Des vents violents et une mer déchaînée : le littoral en première ligne
Le vent constitue la menace la plus immédiate. Météo-France a relevé des pointes à 90 km/h dès la nuit à la station du cap d’Agde, et le vent de sud-est qui balaie le golfe du Lion pousse une houle impressionnante. Les modèles de vague confirment des hauteurs significatives de 5 à 7 mètres au large, avec un déferlement puissant sur les plages et les infrastructures portuaires. Pour les communes littorales, cela signifie un risque de submersion marine localisée en fin de matinée, au moment de la pleine mer. Les promenades de bord de mer, les campings, les restaurants de plage sont potentiellement exposés.

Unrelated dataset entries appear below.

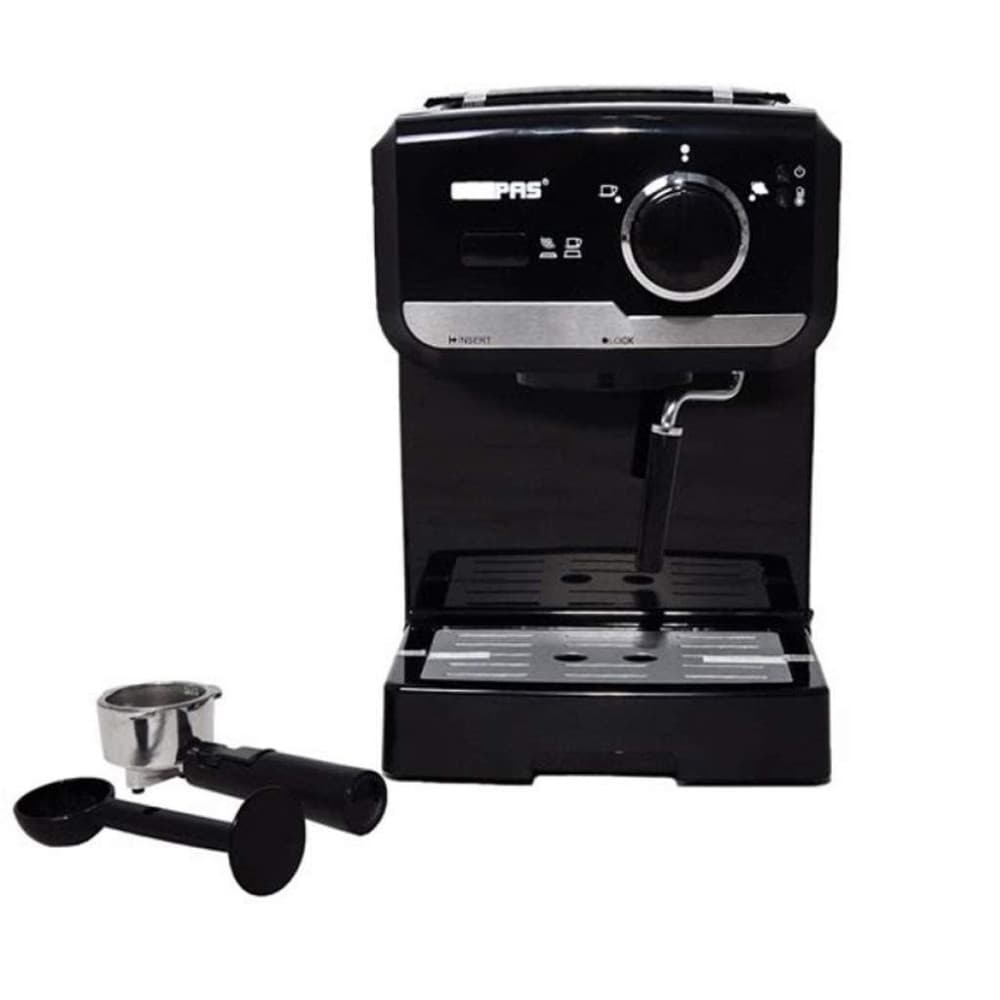 اسپرسو ساز جیپاس مدل GCM 6108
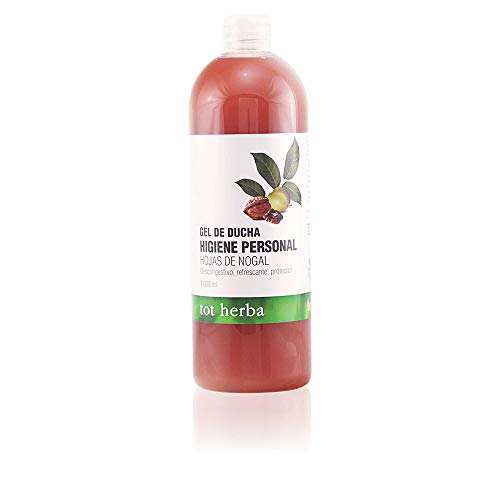 Tot Herba Gel de Ducha Higiene Personal Nogal - 1000 ml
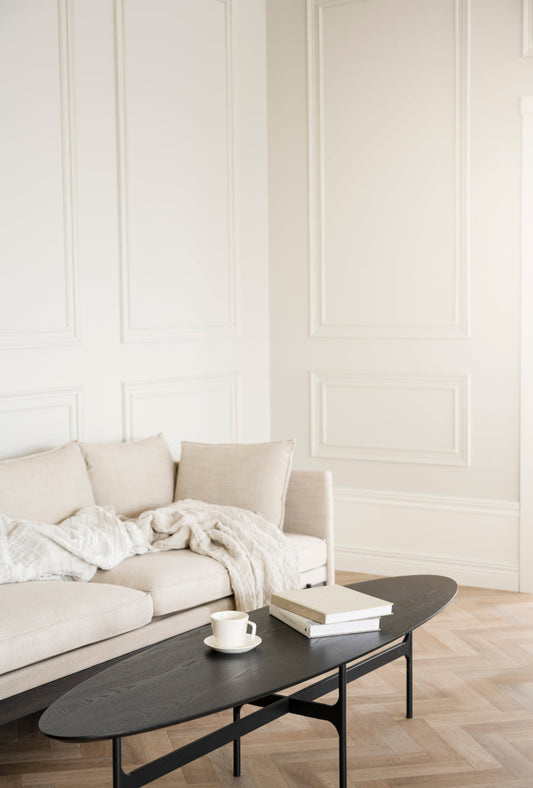 Masuta de cafea Ovala COLTON 180 CM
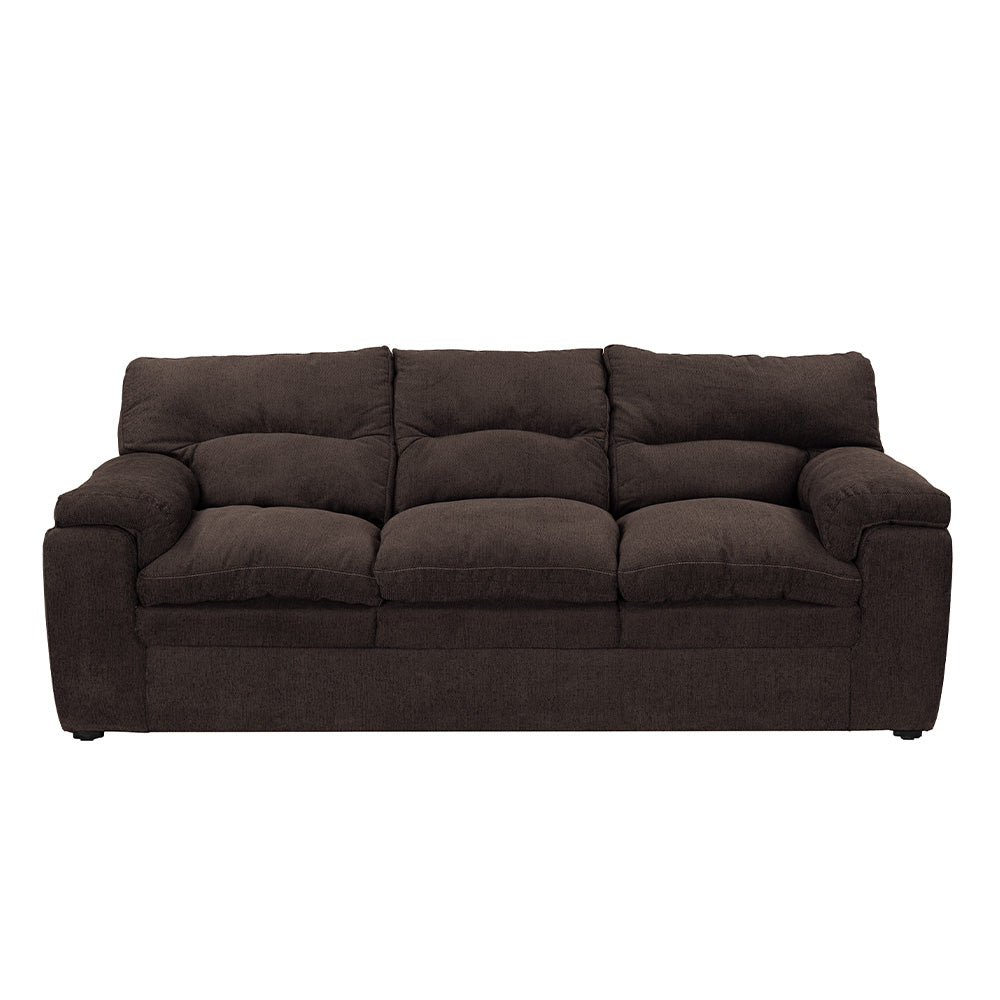 Sala Cosmo Con Sofá y Love Seat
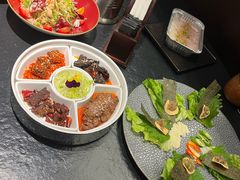 -牛将军•涮肉•烤肉(北京王府井·故宫店)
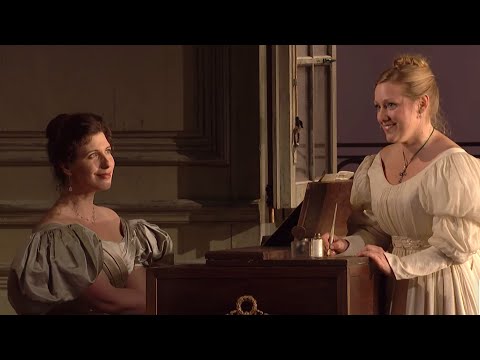 The Marriage of Figaro – 'Sull'aria' (Mozart; Ellie Dehn, Sophie Bevan; The Royal Opera)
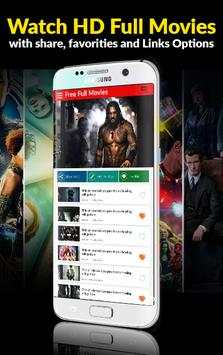 Free Full Movies 3 تصوير الشاشة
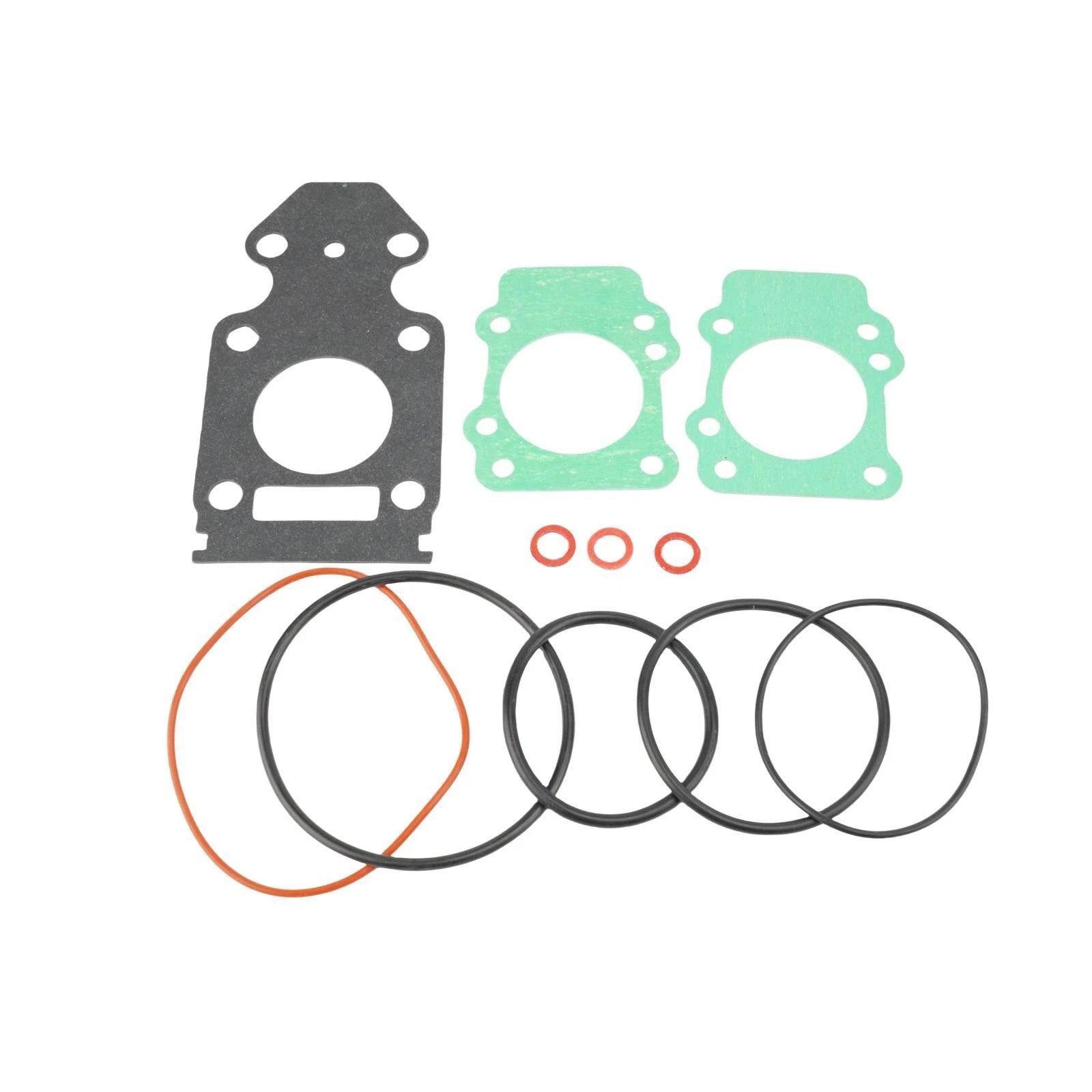 Lower Unit Gasket Seal Kit for Yamaha Outboard 9.9 15 HP (2 & 4-Stroke) 6G9-W0001-C6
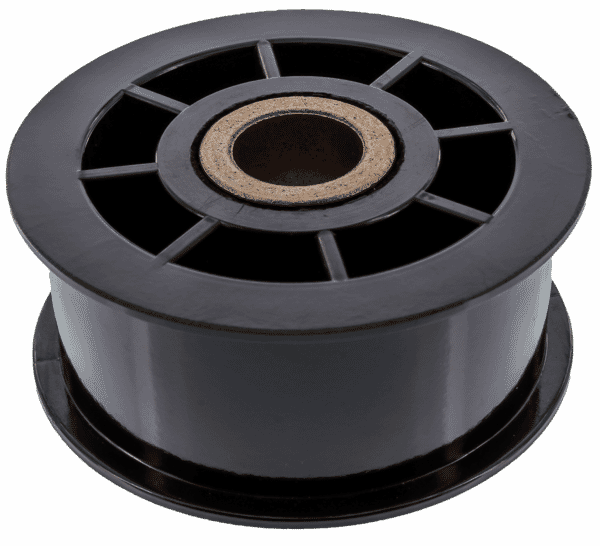 ALLIANCE LAUNDRY SYSTEMS 38225P PULLEY (WHEEL) IDLER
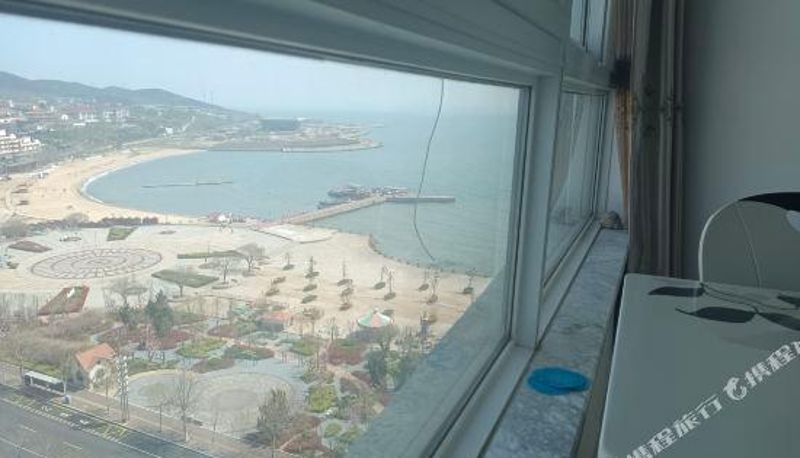 Zimmer mit Meerblick - Xiaoxie Guanhai Apartment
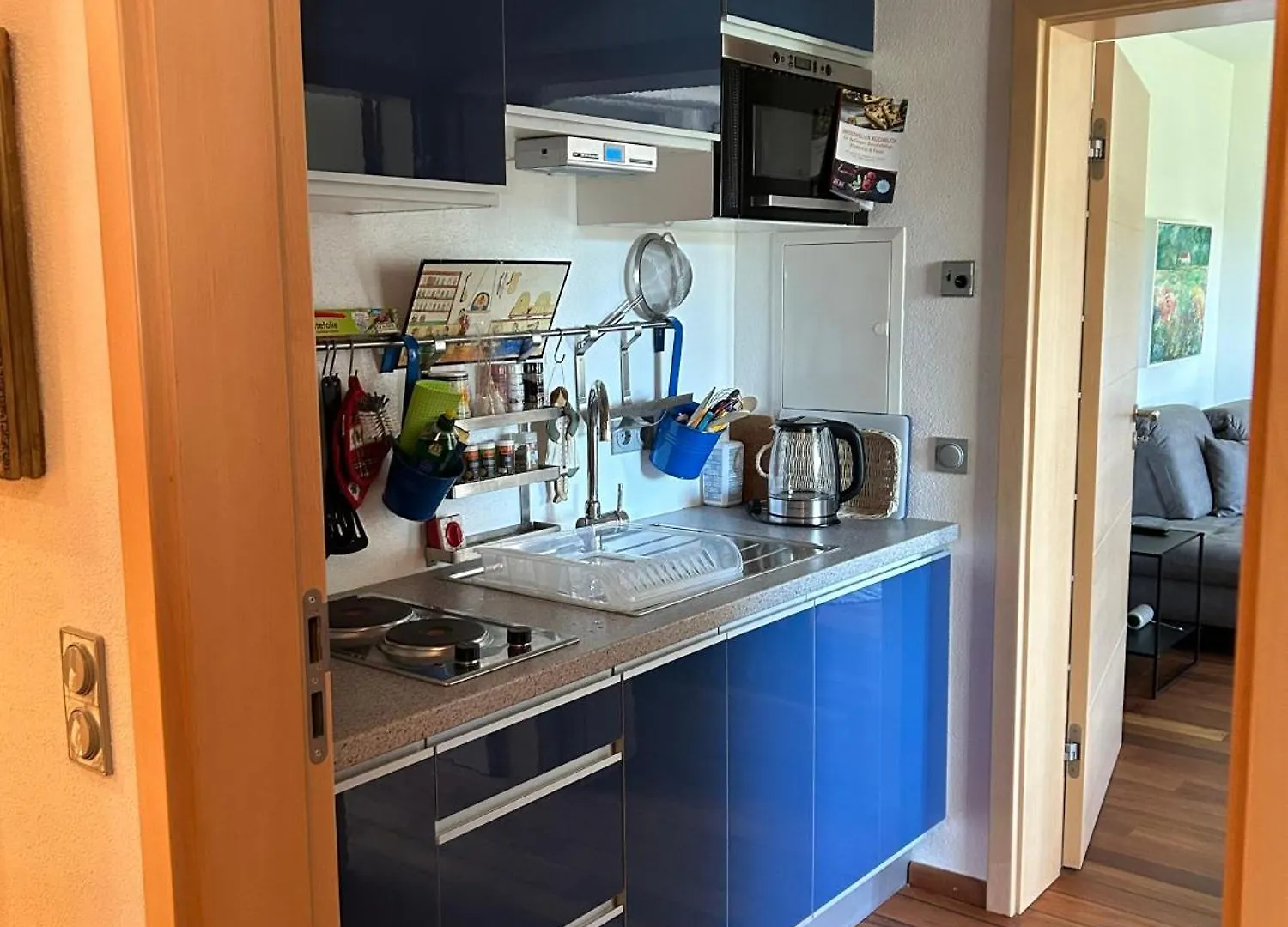 פרסדורף Ferienwohnung Aubach גרמניה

Les rafales, elles, n’épargnent pas l’intérieur. Dans l’Hérault, le Gard et l’Aude, on attend des pointes comprises entre 70 et 90 km/h, suffisantes pour arracher des branches, renverser des objets mal fixés et rendre la conduite dangereuse. La préfecture recommande d’éviter tout déplacement non indispensable jusqu’à mercredi matin. C’est aussi un signal pour les détenteurs d’un crédit immobilier dans ces régions : une toiture endommagée ou un arbre tombé sur une maison peuvent rapidement entraîner des frais de réparation élevés, et il sera crucial de vérifier dans les prochaines heures l’étendue exacte des garanties de son assurance habitation.
Des cumuls de pluie jamais vus depuis des décennies
Au-delà du vent, c’est la pluie qui focalise toutes les inquiétudes. L’air saturé d’humidité remonte de la Méditerranée et bute contre les Cévennes, un phénomène bien connu mais qui atteint ici un niveau d’alerte maximal. Les météorologues parlent de « cumuls exceptionnels » : on pourrait relever localement 250 mm de pluie en 24 heures sur les hauteurs du Vigan ou de Ganges. À titre de comparaison, l’épisode cévenol historique de septembre 2024 avait laissé 280 mm en une journée, provoquant des inondations majeures.
Les sols, déjà gorgés d’eau par les tempêtes précédentes comme Benjamin et Goretti début janvier, ne peuvent plus absorber ces nouvelles précipitations. Le ruissellement risque d’être violent, transformant les rues en torrents. Les services de secours anticipent des crues rapides des cours d’eau secondaires comme le Lez, l’Hérault ou le Vidourle. Pour les particuliers, c’est l’occasion de vérifier un point souvent négligé : l’indemnisation des dégâts liés aux inondations dépend du classement de la commune en état de catastrophe naturelle. Sans ce classement, une simple assurance multirisque habitation peut ne pas suffire. Les propriétaires bailleurs, en particulier, ont tout intérêt à se tourner vers des contrats incluant une garantie inondation explicite.